Mematahkan jarak jauh sejauh 12km, rasanya awalnya agak terlalu awal, tapi Kwiatkowski menunjukkan betapa kuatnya dirinya dengan menghasut jeda sepanjang hari.

Dia cepat-cepat membentuk celah 30 detik dan bahkan sempat mengecam beberapa motor televisi (lihat poin empat) saat dia terus melaju.

Pada akhirnya, dia bisa dengan nyaman menavigasi beberapa sudut terakhir di ubin yang rumit dan basah ke alun-alun Siena, dan merayakan kemenangan yang pantas.

 

Lizzie mulai kuat

Lizzie Deignan mengakhiri musim paceklik tahun lalu dengan posisi keempat yang solid di Kejuaraan Dunia, dalam sebuah kursus yang sama sekali tidak sesuai dengan dirinya. Tapi itu adalah contoh lain dari dia terus menunjukkan bahwa dia adalah salah satu pembalap paling ulet dan serba bisa dalam peloton wanita.

Deignan baru memulai musim 2017 di Strade Bianche, dan tampaknya hanya ada di sana untuk mendukung rekan setimnya. Anda tidak bisa mempertahankan pembalap yang baik sekalipun.

Brit berada di puncak kilometer di antara para pemimpin, meski tidak segera bisa mengikuti Lucinda Brand dan Shara Gillow yang menyerang menjelang pendakian terakhir.

Meski begitu, dia bisa mengikuti pemenang akhirnya Elisa Longo Borghini untuk sebagian besar di lereng curam, namun sepertinya terjebak di belakang pengendara yang lebih lambat dan sepeda motor televisi dan akhirnya tertinggal berguling sendirian untuk tempat ketiga.

Itu adalah pertunjukkan yang kuat dari Lizzie meskipun dalam mempertahankan gelarnya, dan menjadi pertanda baik bagi orang-orang seperti Tour of Flanders bulan depan.

 

Motos

Apakah seseorang menyebutkan sepeda motor?
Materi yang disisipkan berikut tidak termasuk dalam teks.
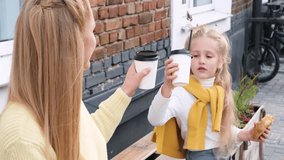 Mother and daughter sit outside and drink hot chocolate. The mother looks at her daughter with love and smiles. Family spending the weekend together. Horizontal video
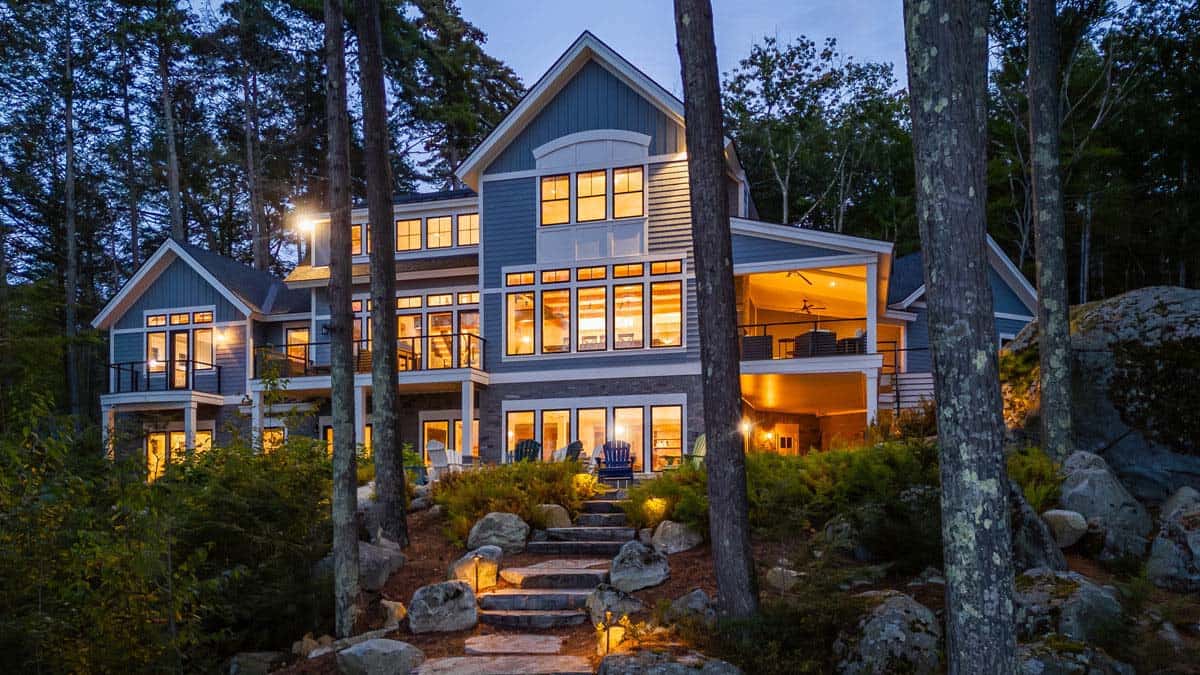 Stone steps lead up to lakefront cottage with glowing windows among pines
Jika Anda belum mengikuti rentetan pengendara baru-baru ini yang mengeluh tentang pengendara lain yang mendapatkan tow lepas dari sepeda motor kamera, Anda bisa menyusul di sini.

Kembali lagi hari ini, dengan banyak teriakan dan isyarat pada kamera oleh pengendara yang merasa saingannya diberi sedikit kemudahan. Dan bukan hanya pembalap dalam lomba baik …

Kadang-kadang sulit bagi para pengemudi moto di jalan-jalan sempit, menemukan keseimbangan antara memberikan gambaran yang bagus untuk pemirsa televisi dan tidak melibatkan diri mereka dalam perlombaan, tapi adil untuk mengatakan bahwa ini menjadi topik hangat tahun ini.

 

Chapeau, Jose

Perhatian khusus kepada Jose Gonçalves dari Katusha-Alpecin, yang berhasil mendapatkan istirahat pertama hari itu, dan kemudian meneruskan ke kelompok yang lewat mana pun ia bisa mendapatkan energi untuk bertahan, menghasilkan tempat 11 dengan baik.

 

  1. Rem cakram

Topik yang menolak untuk mati terus berlanjut. Setelah Peter Sagan mengatakan pada hari Jumat, dia mengira seluruh peloton harus menggunakan rem cakram atau tidak ada yang harus, dan setelah semua barang Doull / Kittel di Tur Abu Dhabi, giliran Cannondale berada di bawah sorotan berbentuk rotor.

Dua dari sana pengendara menabrak kerikil dengan cakram yang terpasang, dan dengan tepat menunjukkan bahwa ini adalah tarik tambang sebelum produsen dan pengendara motor tampak tidak menuju ke mana-mana. Anda bisa membaca cerita lengkapnya di sini.